Performance Optimization – Checking Item Count Before Foreach Loop

cperformancerefactoring

I saw this in code and was wondering if there is any performance benefit to checking the item count prior to looping:

if (SqlParams.Count > 0)
    foreach (var prm in SqlParams)
        cmd.Parameters.Add(prm);

I always prefer to do a null check instead and let the foreach loop just hop out if there are 0 items.

if (SqlParams != null)
    foreach (var prm in SqlParams)
        cmd.Parameters.Add(prm);

Isn't that the better way?

Best Answer

Ultimately, the best answer is to actually test it. Make a method which loops over an empty array with and without checking the length first, call each 100,000 times and see which has a faster runtime.

public void withCheck(Integer[] array) {
    for (int i = 0; i < 100000; i++) {
        if (array.length > 0) {
            for (Integer i : array) {
                // nothing to do.
            }
        }
    }
}

public void withoutCheck(Integer[] array) {
    for (int i = 0; i < 100000; i++) {
        for (Integer i : array) {
            // nothing to do.
        }
    }
}

public void test() {
    long startTime = System.currentTimeMillis();
    withCheck();
    System.out.println("Time with check: " + (System.currentTimeMillis() - startTime) + "ms");
    startTime = System.currentTimeMillis();
    withoutCheck();
    System.out.println("Time without check: " + (System.currentTimeMillis() - startTime) + "ms");
}

When I write code like this, I generally ponder this as a trade-off between code readability and perceived or potential performance. In other words, adding a if (count > 0) check negatively impacts the readability, even though by a very small amount. So what is the gain? I presume there is very little or no advantage, but like you, I have not actually tested it. What I can tell you is that in all my years profiling, I have never found looping over an empty array to be a bottleneck.
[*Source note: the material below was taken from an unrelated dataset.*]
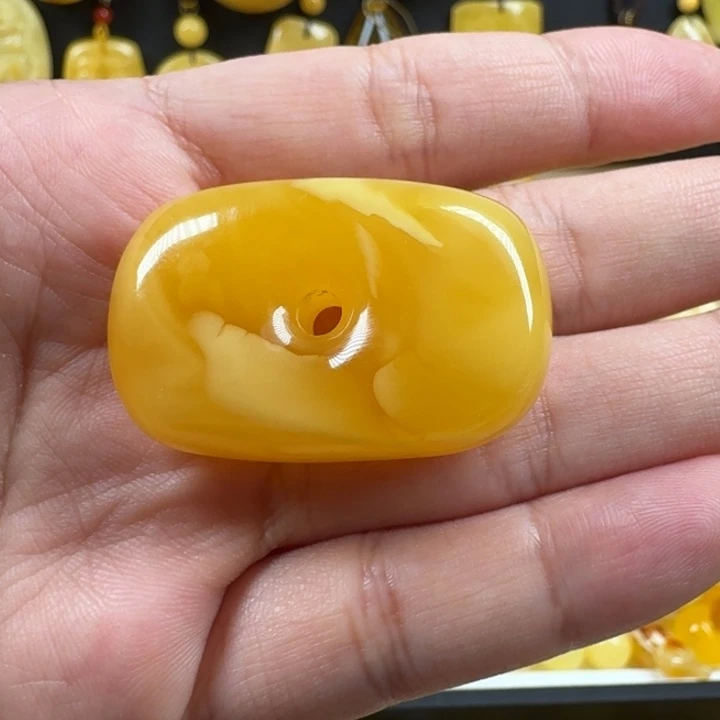 蜜蜡未镶嵌珠宝奇石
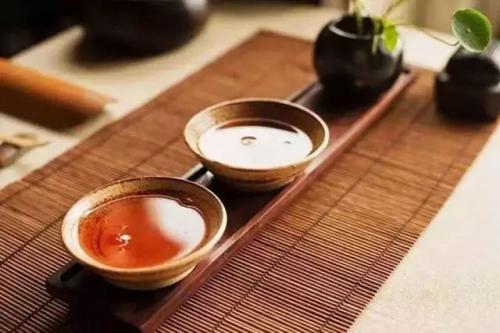 怎样喝茶不伤胃.jpg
Technically, it depends on how the iterator works. For a foreach loop like you have, you are creating an iterator object behind the scenes. My expectation would be, and again, this is unverified, is that the iterator object FOR AN ARRAY would simply be implemented like this (this is Java, but C# is probably comparable):

public class ArrayIterator<T> implements Iterator<T> {
    private int next = 0;
    public T next() {
        return backingArray[next++];
    }

    public boolean hasNext() {
        return next < backingArray.length;
    }
}

So iterating over such an iterator should exit out very quickly because hasNext() will return false. Notice it's the same check that your if statement would do.

Now if you are iterating over a linked list, the implementation should be different. If you explicitly check the size, you may be forcing it to scan the linked list. In Java, LinkedList.size() checks an explicit size variable so it doesn't walk the list, but I don't know how .NET implements it.

Another way to look at this is how likely is the collection to be empty? If that is a rare case, then if the theory that iterating over an empty array takes time is true, then adding an explicit check for empty first would only be faster if the collection is usually empty. If not, you are theoretically slowing down your average case just to slightly speed up your worst case.

Again, these are all theories and the timings are on the micro-level, so take it with a grain of salt.

TL;DR

It depends on the type of collection, the runtime platform, and the typical collection size, but intuitively, it seems unlikely to speed anything up in most situations. But the only way to know for sure is to test it.